Ia menegaskan bahwa nilai Sapta Marga, Sumpah Prajurit, dan Delapan Wajib TNI tetap menjadi pedoman moral bagi para purnawirawan. Nilai-nilai itu, menurut dia, tetap melekat meski masa dinas aktif telah selesai.
Bagi HBL Mantiri, pedoman tersebut membentuk karakter purnawirawan dalam kehidupan bermasyarakat, berbangsa, dan bernegara. Karena itu, ia menilai PPAD masih memiliki ruang penting untuk menjaga nilai kebangsaan dan mendukung arah pembangunan nasional.
Ia menambahkan bahwa purnawirawan tetap memiliki tanggung jawab moral terhadap bangsa dan negara. Pengabdian, kata dia, tidak berhenti, tetapi berganti bentuk sesuai kebutuhan zaman.

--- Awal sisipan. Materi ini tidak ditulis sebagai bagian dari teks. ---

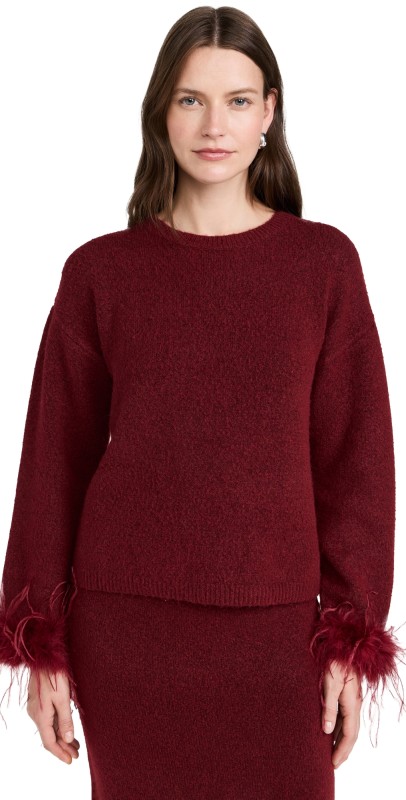 WAYF Feather Trim Sweater Oxblood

Peran Badan Pertimbangan Pusat dinilai strategis
HBL Mantiri juga menyoroti peran Badan Pertimbangan Pusat yang dinilainya strategis dalam menjaga arah organisasi. Lembaga ini memiliki fungsi memberi nasihat, saran, dan pertimbangan kepada Dewan Pengurus Pusat PPAD agar organisasi tetap bergerak sesuai tujuan pengabdian.

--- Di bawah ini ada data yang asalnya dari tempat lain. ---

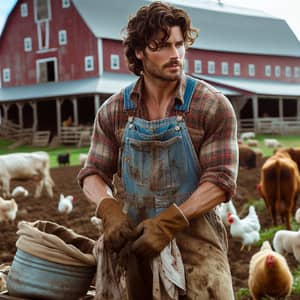 Actor Lookalike on Farm: Tending to Livestock & Soil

Ia meminta kekompakan internal terus dijaga supaya PPAD tetap solid di semua tingkatan. Menurut dia, kekuatan organisasi purnawirawan terletak pada persatuan yang terpelihara dengan baik dan pada kemampuan organisasi untuk menjalankan peran moral secara konsisten.

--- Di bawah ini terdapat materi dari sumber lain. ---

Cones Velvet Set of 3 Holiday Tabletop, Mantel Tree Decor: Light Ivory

Dalam kesempatan itu, HBL Mantiri menegaskan harapannya agar PPAD tetap menjadi organisasi yang solid, berwibawa, dan dihormati. Ia juga berharap PPAD terus berkontribusi sebagai kekuatan moral yang mendukung keutuhan Negara Kesatuan Republik Indonesia (NKRI), termasuk dalam menjaga persatuan, memperkuat nilai kebangsaan, serta mendukung TNI dan pemerintah dalam menjalankan tugas demi kesejahteraan rakyat.